In 1896, at the end of his second trip to India, the American artist Edwin Lord Weeks wrote From the Black Sea through Persia and India. It was a travel account that, packed with his illustrations, detailed his journey around Asia. A change in his original travel plans because of the civil war in Afghanistan and a cholera outbreak had meant that he had to travel first on camelback and then on horses from Turkey through Persia, following the old caravan route (the Silk Route) till he reached Bushire on the Persian Gulf.

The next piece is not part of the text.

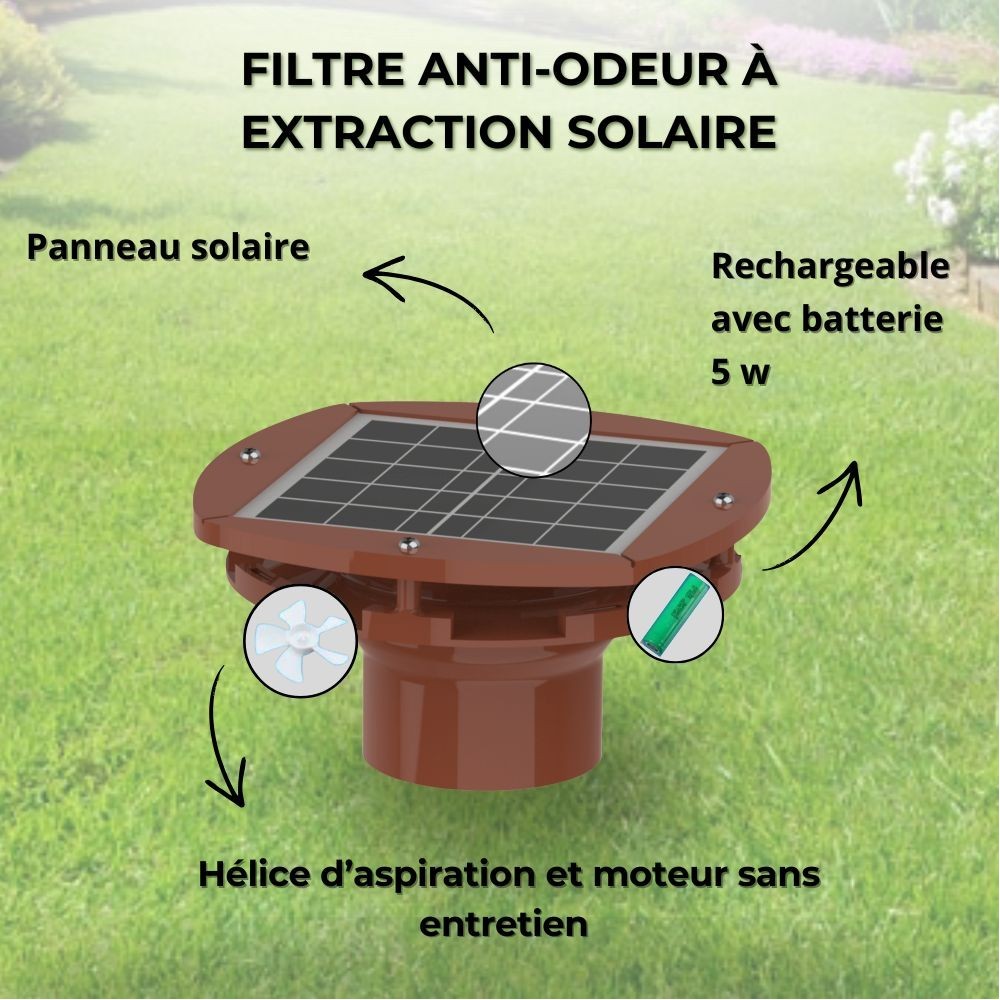 Extracteur solaire ventilation fosse septique HYDRODIV - photo 12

Here he boarded a steamer for Karachi travelling via Aden and Muscat, before moving on to Bombay.
The steamer, Weeks noted, was used for the export of horses, for its deck resembled a “floating stable”. On landing in Bombay, most of the horses were moved to the horse market at Byculla to meet the demand for “Polo ponies and cavalry service”. His sketch of that scene and other moments from the country’s life would many decades later give him the appellation “the finest painter of Victorian India”.
Weeks, born into a wealthy trading family in Massachusetts in 1849, had long been enamoured of the East. By his time, Orientalism had already exercised an influence on European artists, an interest that grew following Napoleon’s early 19th campaign in North Africa and Egypt. Weeks made the first of his trips to Morocco and Syria in the 1870s and then studied in Paris with the painter Leon Bonnat, who was known for his detailed portraiture and religious depictions. Weeks also knew Jean Leon Gerome, an artist from an earlier generation of Orientalist painters who had travelled to Egypt.
In his works, Weeks revealed himself as more than just an Orientalist painter – he was also a fine writer. His book and articles, which he illustrated himself, affirmed his keen interest in the world around him and his love for the outdoors.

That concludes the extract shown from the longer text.